Álvaro explica que essa possibilidade surgiu com a Lei 14.300, o marco legal da geração distribuída, em vigor desde janeiro de 2022. A legislação formalizou modelos de consumo compartilhado de energia renovável, garantindo segurança jurídica e novas formas de economia. Com isso, mesmo quem mora em locais onde não é possível instalar painéis solares pode se beneficiar da energia limpa, por meio de créditos gerados por usinas solares.
“A assinatura de energia entra exatamente para garantir economia e viabilizar o uso de energia renovável mesmo sem instalação própria. O cliente recebe créditos de uma fonte geradora, como uma fazenda solar, e tem desconto na fatura”, afirma Álvaro.
Apesar do crescimento do modelo de streaming, Álvaro descarta a ideia de que geração solar distribuída esteja com os dias contados. Ele observa que, com a queda de mais de 50% no preço dos insumos desde 2022, o sistema de geração própria também se tornou mais acessível e continua atraente.

“A geração própria ainda é muito viável, especialmente para quem tem imóveis como sítios ou casas de praia. O que mudou foi a ampliação das opções para o consumidor”, destaca. Segundo ele, quem possui geração própria pode direcionar os créditos excedentes para outras unidades com a mesma titularidade. Ou seja, é possível gerar energia no sítio e utilizá-la em uma loja ou residência, desde que estejam no mesmo CPF ou CNPJ.
Energia: desconto médio
A desconfiança inicial de muitos consumidores, por se tratar de um serviço que promete economia sem investimento, é compreensível, diz Álvaro.
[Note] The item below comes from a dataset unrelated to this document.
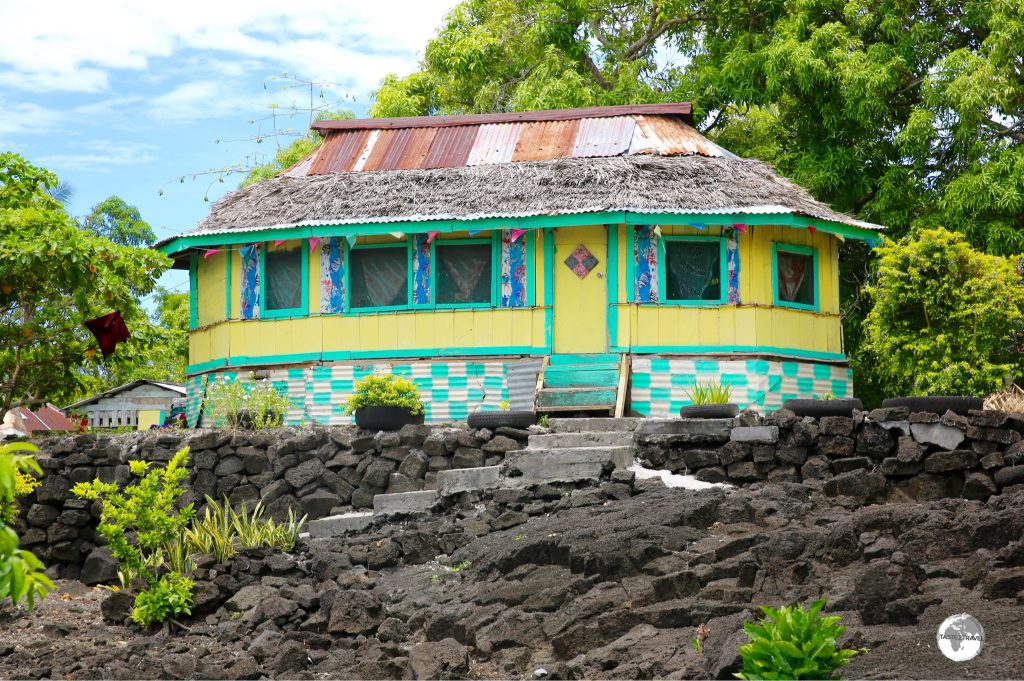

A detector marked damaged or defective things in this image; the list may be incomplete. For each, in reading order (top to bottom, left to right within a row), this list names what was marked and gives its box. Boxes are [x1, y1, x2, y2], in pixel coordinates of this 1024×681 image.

rusty corrugated metal roof [292, 103, 733, 176]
Mas ele reforça que o modelo é legal, seguro e respaldado por contratos claros.
“As pessoas se assustam porque parece ‘bom demais para ser verdade’. Mas a energia continua sendo entregue pela concessionária local, como a Energisa. A diferença está no desconto proporcionado pelos créditos recebidos da empresa de streaming”, explica.
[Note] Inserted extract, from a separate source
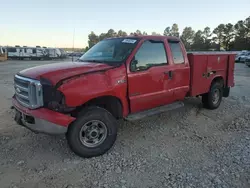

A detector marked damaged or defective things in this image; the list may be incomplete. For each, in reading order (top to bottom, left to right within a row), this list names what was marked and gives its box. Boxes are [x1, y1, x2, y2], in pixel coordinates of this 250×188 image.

O desconto médio, segundo ele, varia entre 20% e 30%. No caso de pessoas físicas, a adesão é simples e sem fidelidade rígida. A maioria dos contratos permite cancelamento com aviso prévio de 90 a 120 dias.
Para empresas com contas superiores a R$ 10 mil, a novidade é a abertura do mercado livre de energia, autorizada desde janeiro de 2024. Nesse modelo, é possível escolher o fornecedor de energia, ampliando ainda mais a margem de economia.
“Hoje, qualquer empresa com demanda contratada pode migrar para o mercado livre. É uma realidade que está transformando o setor, trazendo ainda mais possibilidades de economia e planejamento”, afirma.
Em caso de insatisfação, o cliente pode cancelar o serviço sem multa, desde que respeite o prazo de aviso prévio estipulado em contrato. A relação com a concessionária permanece a mesma. Ela continua sendo responsável pela distribuição da energia.
Sobre os pagamentos, Álvaro detalha que o consumidor continua recebendo uma fatura da concessionária (geralmente com valor mínimo) e outra da empresa contratada (com o valor dos créditos, com desconto). No caso de uma conta original de R$ 1.000, o consumidor pode pagar R$ 800 no total, economizando os 20% prometidos.
“Em cinco meses, essa economia equivale a uma conta inteira de energia. Em um ano, são mais de duas contas economizadas sem ter investido nada”, afirma.
A flexibilidade também é uma vantagem. Quem aumenta o consumo, por exemplo com a instalação de ar-condicionado, pode informar à empresa para ajustar o fornecimento de créditos e manter o desconto proporcional.
“É um mercado amplo, seguro e que oferece alternativas personalizadas, tanto para residências quanto para empresas. Hoje, realmente é possível economizar com energia renovável, sem burocracia e sem precisar fazer grandes investimentos”, ressalta Álvaro.